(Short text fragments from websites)
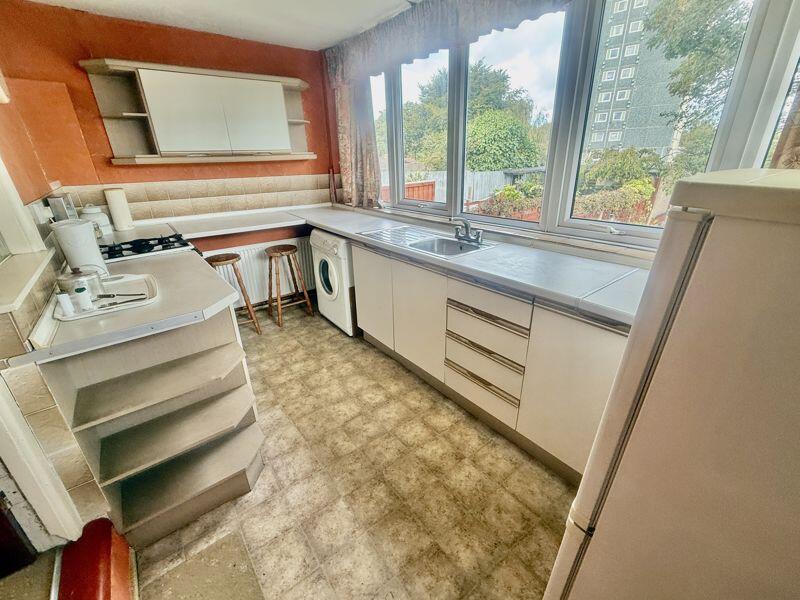 Additional image 16 of Marlow Road, Birmingham, B23 7DB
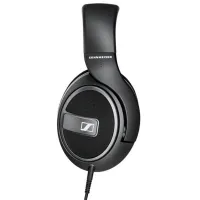 Căști studio Sennheiser HD 559 Cu fir / Over the ear photo 3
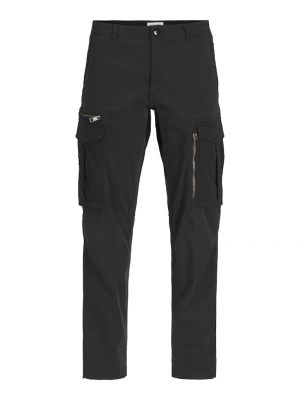 Jack & Jones broek  12260912-178012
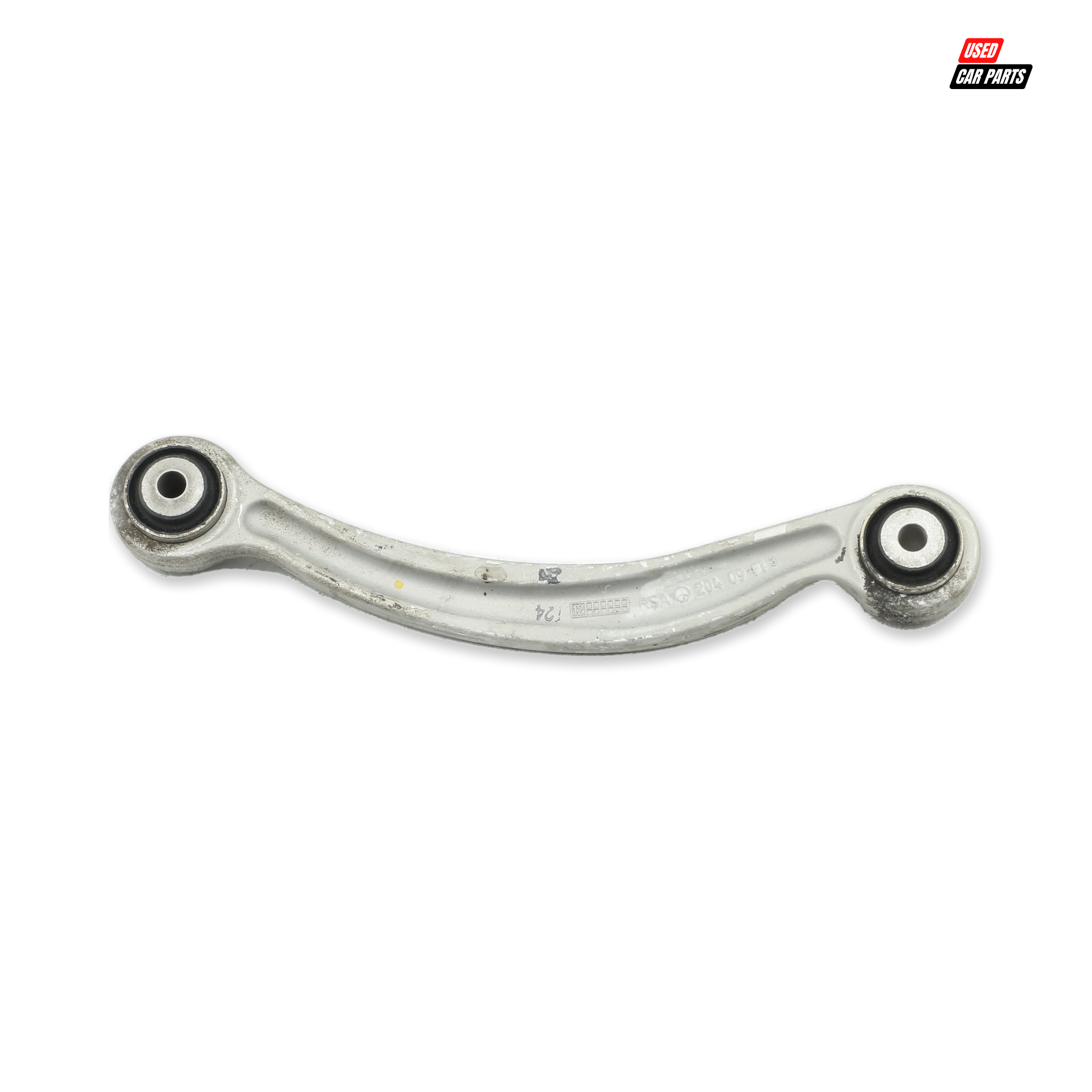 Used Control Arms (Part Number 20409FI3) for 2012 MERCEDES-BENZ C180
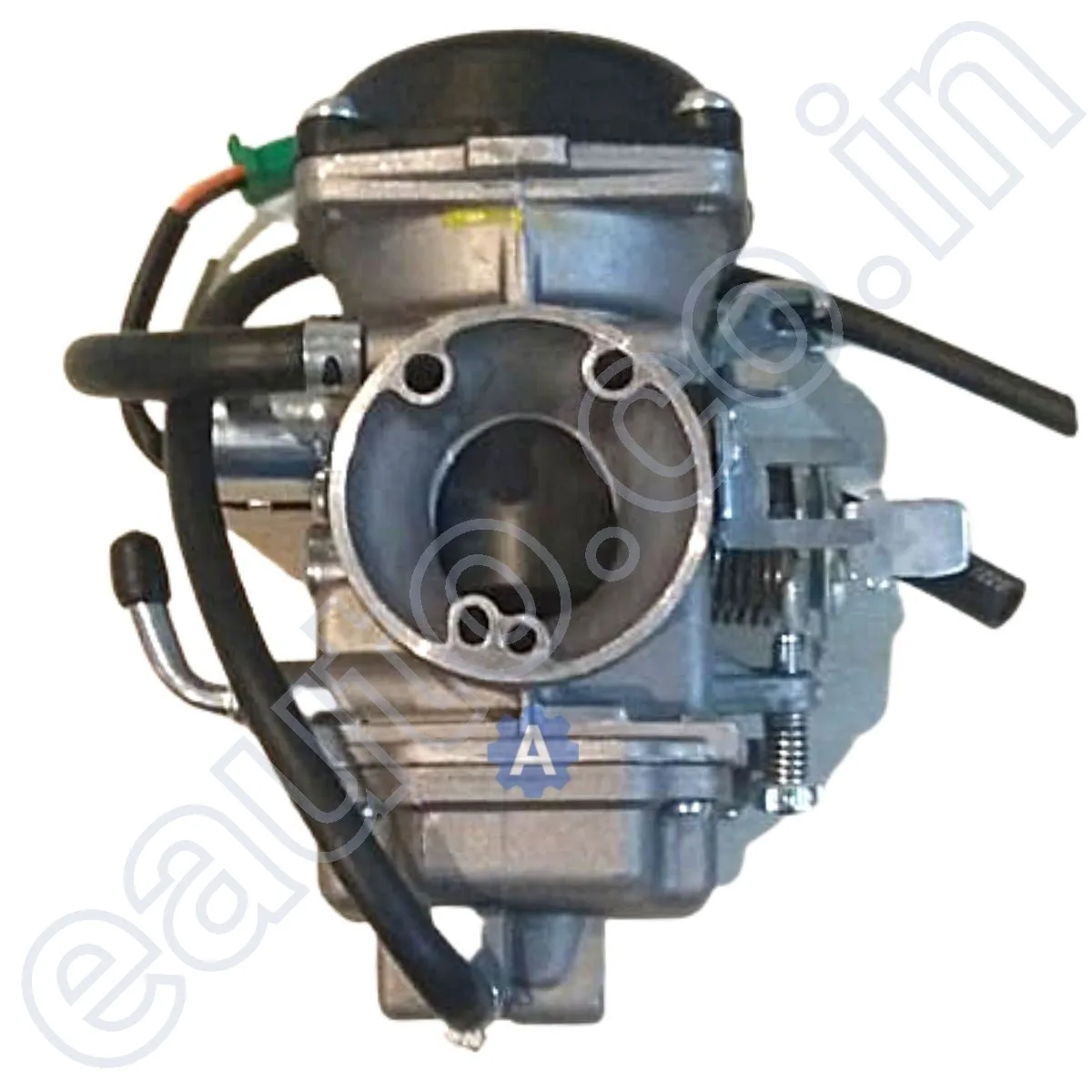 UCAL Carburetor for Bajaj Pulsar 220 | 220F | 220S | Models Before 2017 | BS3 Models | 2009-2017 Models 3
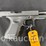 glock-g23-.40sw-pistol-(sn#-usk806)-(3mags/case)-image-15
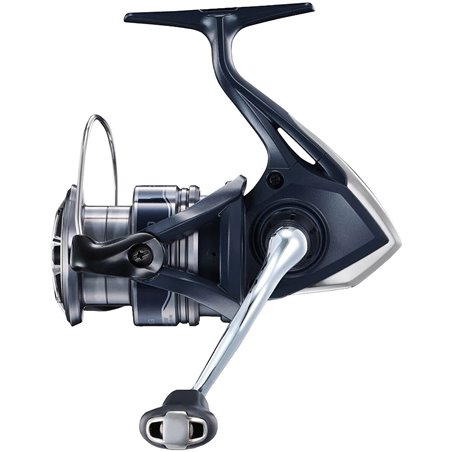 Катушка Shimano Catana FE 4000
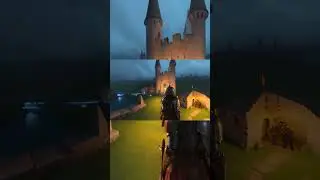 3D Animated urdu/hindi Story look like a movie 360 angle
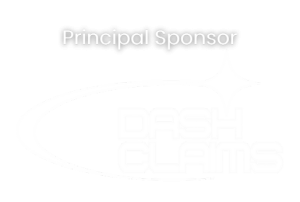 dash claims logo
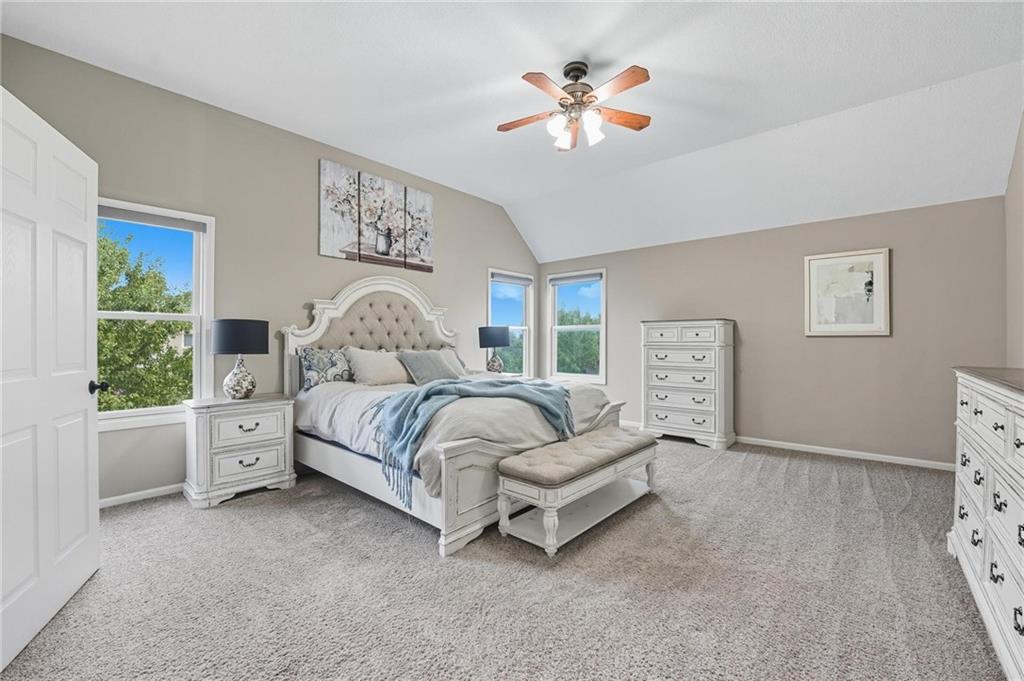 7005 Barth Road Shawnee, KS 66226 - Photo 30 of 71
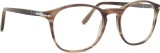 Persol 0PO3007V 1208 52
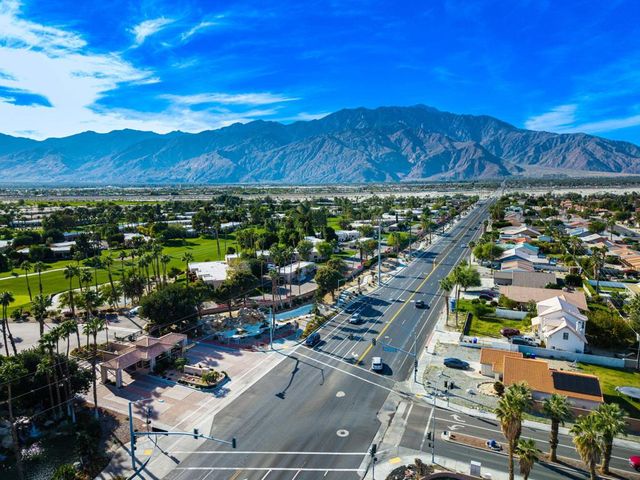 28604 W Natoma Drive, Cathedral City, CA 92234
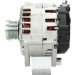 PSH | Generator | 165.595.110.000 PSH | Generator | 165.595.110.000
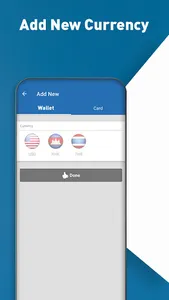Ly Hour screenshot 5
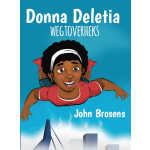 Donna Deletia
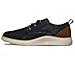 Scarpe Status 2.0- Pexton Taglia 42 Codice 65910-nvy Blu - Foto miniatura 2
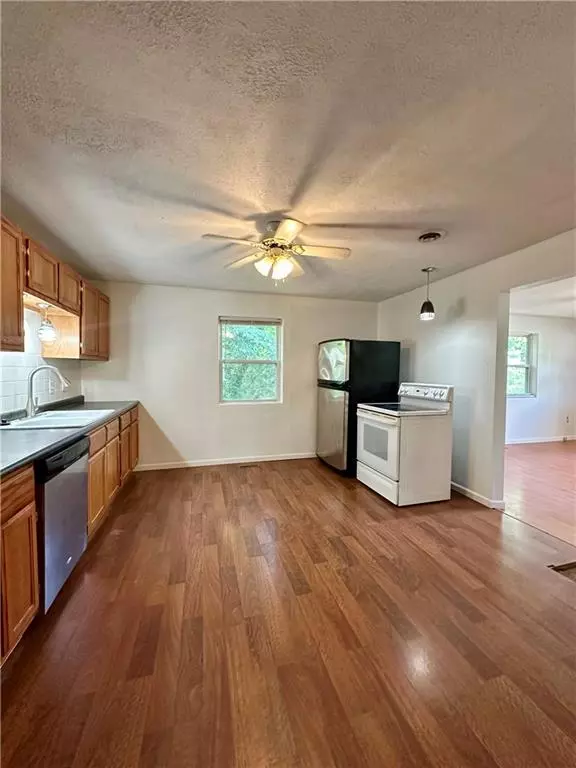 Nevada, MO 64772,105 N Indiana ST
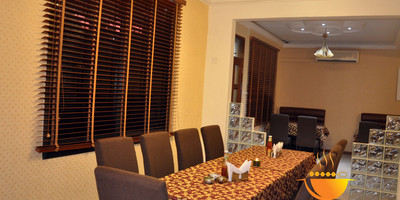Mamboz Sizgrill - Photo 3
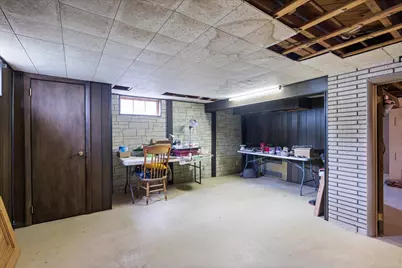 802 6th St S, Virginia, MN 55792 - Photo 35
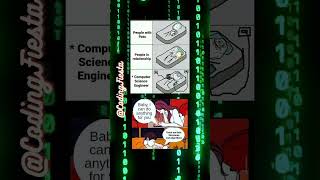 funny coding memes #code #javascript #funny #funnyvideo #short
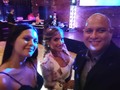 #FlashBack de la campaña #loscoloresinvadenvenezuela para @issuevenezuela   @yaramysalazar  @grey_larosa  @obndonury   PD: Tarde pero seguro "Feliz cumpleaños Nury" 😁😁  #juliocesaryl #flashbackfriday
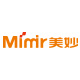 mimir美妙汽车用品旗舰店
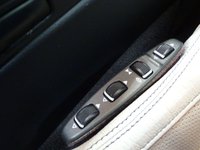 USED 2015 65 MERCEDES-BENZ E-CLASS 2.1 E220 BLUETEC AMG LINE 2d 174 BHP SAT NAV LEATHER CRUISE PAN ROOF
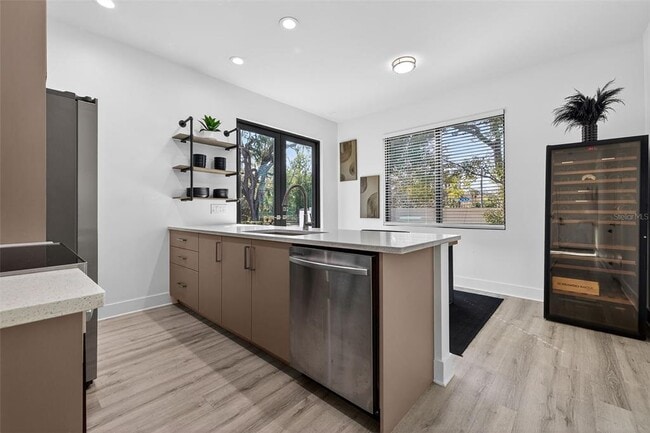 Building Photo - 8706 Palm Ranches Pl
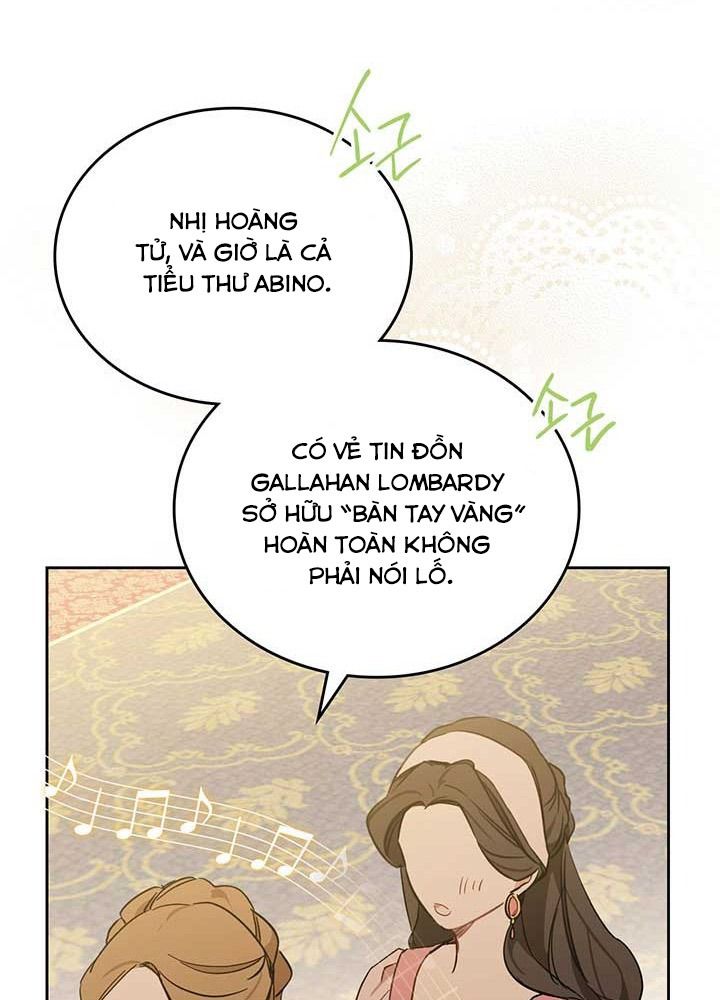 Trang 47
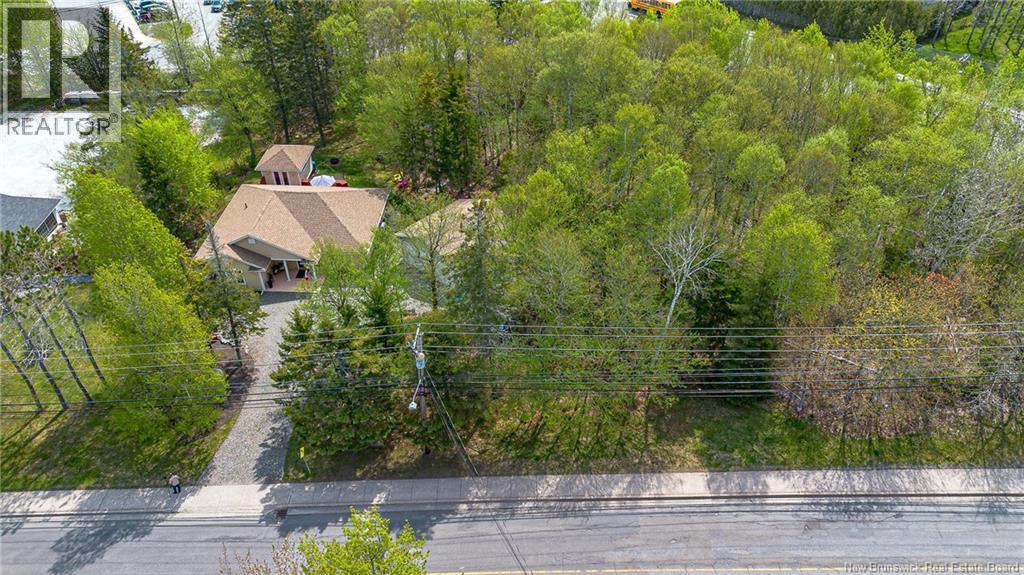 412 Hampton Road - 33
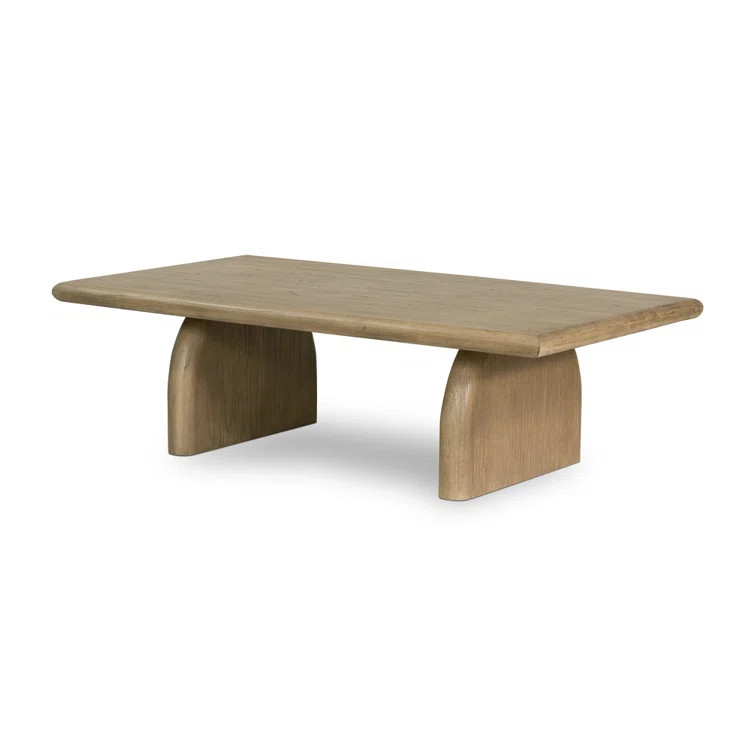 Sorrento Coffee Table | Wayfair North America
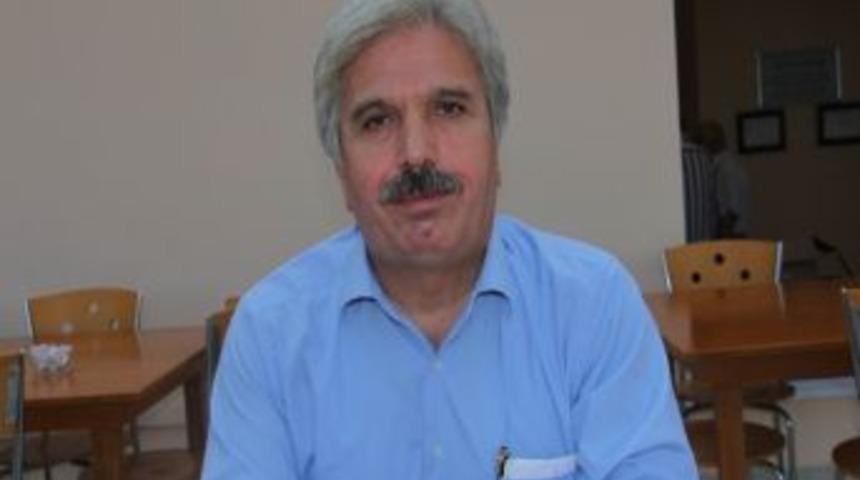 Ekmeğe Zam Hammaddeye Bağlı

WHAT THIS TASK INVOLVES »
Repeat each entry exactly. Pictures do not belong in the copy.

EXERCISE OUTPUT »
 Additional image 16 of Marlow Road, Birmingham, B23 7DB
 Căști studio Sennheiser HD 559 Cu fir / Over the ear photo 3
 Jack & Jones broek  12260912-178012
 Used Control Arms (Part Number 20409FI3) for 2012 MERCEDES-BENZ C180
 UCAL Carburetor for Bajaj Pulsar 220 | 220F | 220S | Models Before 2017 | BS3 Models | 2009-2017 Models 3
 glock-g23-.40sw-pistol-(sn#-usk806)-(3mags/case)-image-15
 Катушка Shimano Catana FE 4000
 3D Animated urdu/hindi Story look like a movie 360 angle
 dash claims logo
 7005 Barth Road Shawnee, KS 66226 - Photo 30 of 71
 Persol 0PO3007V 1208 52
 28604 W Natoma Drive, Cathedral City, CA 92234
 PSH | Generator | 165.595.110.000 PSH | Generator | 165.595.110.000
Ly Hour screenshot 5
 Donna Deletia
 Scarpe Status 2.0- Pexton Taglia 42 Codice 65910-nvy Blu - Foto miniatura 2
 Nevada, MO 64772,105 N Indiana ST
Mamboz Sizgrill - Photo 3
 802 6th St S, Virginia, MN 55792 - Photo 35
 funny coding memes #code #javascript #funny #funnyvideo #short
 #FlashBack de la campaña #loscoloresinvadenvenezuela para @issuevenezuela   @yaramysalazar  @grey_larosa  @obndonury   PD: Tarde pero seguro "Feliz cumpleaños Nury" 😁😁  #juliocesaryl #flashbackfriday
 mimir美妙汽车用品旗舰店
 USED 2015 65 MERCEDES-BENZ E-CLASS 2.1 E220 BLUETEC AMG LINE 2d 174 BHP SAT NAV LEATHER CRUISE PAN ROOF
 Building Photo - 8706 Palm Ranches Pl
 Trang 47
 412 Hampton Road - 33
 Sorrento Coffee Table | Wayfair North America
 Ekmeğe Zam Hammaddeye Bağlı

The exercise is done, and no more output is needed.